Looks like these changes are in cmark-gfm 0.2, though, so I'm still not understanding why pandoc isn't working... (EDIT: These changes don't seem relevant to list bullets.)

jgm commented 5 years ago

Hm.

*Text.Pandoc.CSV CMarkGFM> nodeToCommonmark [] (Just 72) $ commonmarkToNode [] [] "aaaaaaaaaaaaaaaaaaaaaaaaaaaaaaaaaaaaaaaaaaaaaaaaaaaaaaaaaaaaaaaaaaaaaaa\n1\\. aaaaaa\n"
"aaaaaaaaaaaaaaaaaaaaaaaaaaaaaaaaaaaaaaaaaaaaaaaaaaaaaaaaaaaaaaaaaaaaaaa\n1. aaaaaa\n"

So the escaping isn't done properly in the cmark-gfm Haskell library. Yet if I compile cmark-gfm C library and run the executable, it is done properly.

jgm commented 5 years ago

Interesting.

% pandoc -f commonmark -t commonmark --wrap=preserve
aaaaaaaaaaaaaaaaaaaaaaaaaaaaaaaaaaaaaaaaaaaaaaaaaaaaaaaaaaaaaaaaaaaaaaaa
1\. aaaaaaaaaa 
aaaaaaaaaaaaaaaaaaaaaaaaaaaaaaaaaaaaaaaaaaaaaaaaaaaaaaaaaaaaaaaaaaaaaaaa
1\. aaaaaaaaaa
% pandoc -f commonmark -t commonmark --wrap=auto
aaaaaaaaaaaaaaaaaaaaaaaaaaaaaaaaaaaaaaaaaaaaaaaaaaaaaaaaaaaaaaaaaaaaaaaa
1\. aaaaaaaaaa 
aaaaaaaaaaaaaaaaaaaaaaaaaaaaaaaaaaaaaaaaaaaaaaaaaaaaaaaaaaaaaaaaaaaaaaaa
1. aaaaaaaaaa

So, with --wrap=preserve it works fine but with --wrap=auto it fails to escape properly. I can duplicate this using the cmark executable from the C library:

% ./build/src/cmark-gfm -t commonmark --width 0
aaaaaaaaaaaaaaaaaaaaaaaaaaaaaaaaaaaaaaaaaaaaaaaaaaaaaaaaaaaaaaaaaaaaaaaa
1\. aaaaaaaaaa 
aaaaaaaaaaaaaaaaaaaaaaaaaaaaaaaaaaaaaaaaaaaaaaaaaaaaaaaaaaaaaaaaaaaaaaaa
1\. aaaaaaaaaa
% ./build/src/cmark-gfm -t commonmark --width 72
aaaaaaaaaaaaaaaaaaaaaaaaaaaaaaaaaaaaaaaaaaaaaaaaaaaaaaaaaaaaaaaaaaaaaaaa
1\. aaaaaaaaaa 
aaaaaaaaaaaaaaaaaaaaaaaaaaaaaaaaaaaaaaaaaaaaaaaaaaaaaaaaaaaaaaaaaaaaaaaa
1. aaaaaaaaaa

So this really is a problem in the cmark library, not pandoc itself.

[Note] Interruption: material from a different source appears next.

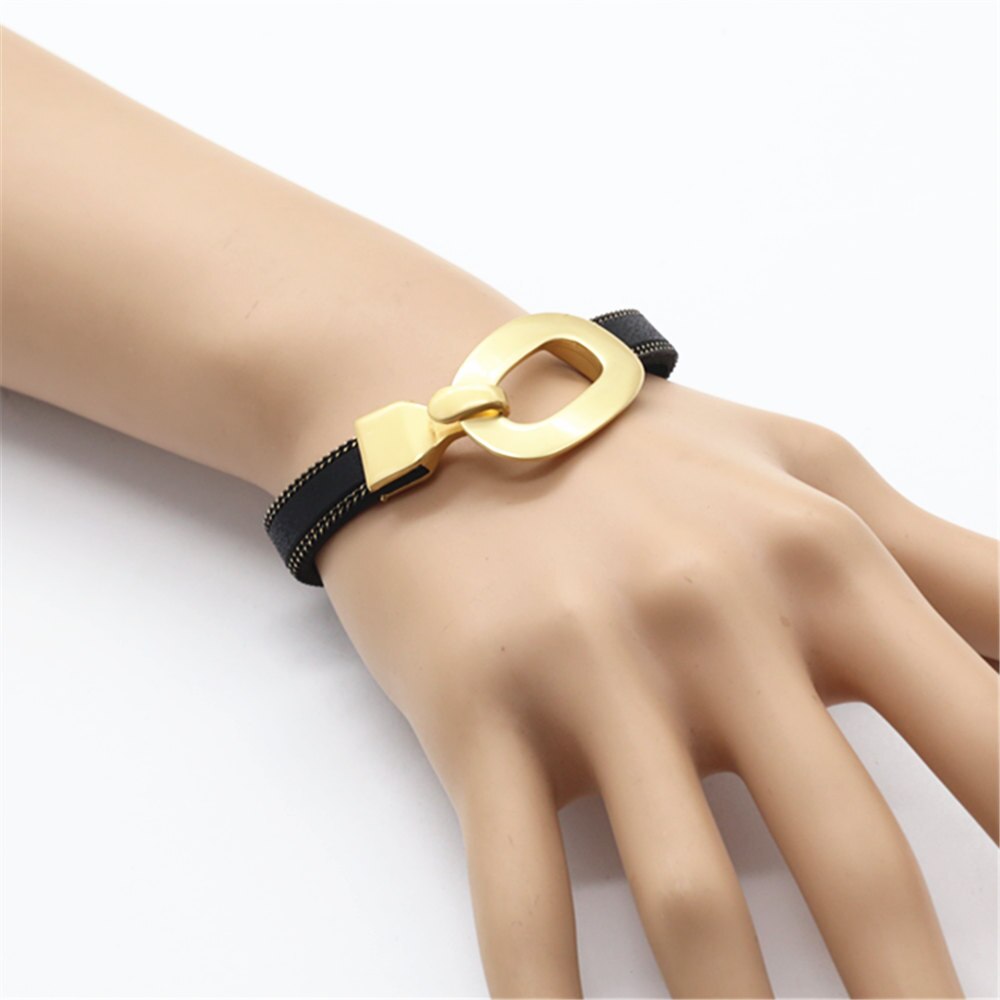 Gold Farbe Schwarz Armbinde retro Handgemachte Jahrgang Kette Leder Armbänder Für Frauen Manschette Armreif Weiblichen Partei Schmuck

lewer commented 1 year ago

I am not sure it's the same issue, but I've noticed that escaped characters disappear after line breaks :

% printf "foo  \n\- bar" | pandoc -f commonmark_x -t commonmark_x
foo  
- bar
% printf "foo  \n1\. bar" | pandoc -f commonmark_x -t commonmark_x                                                                                                                 
foo  
1. bar

which is annoying because it creates a list

Instead I would expect


% printf "foo  \n\- bar" | pandoc -f commonmark_x -t commonmark_x
foo  
\- bar
jgm commented 1 year ago

Escapes are not represented in the AST, so they will not round-trip.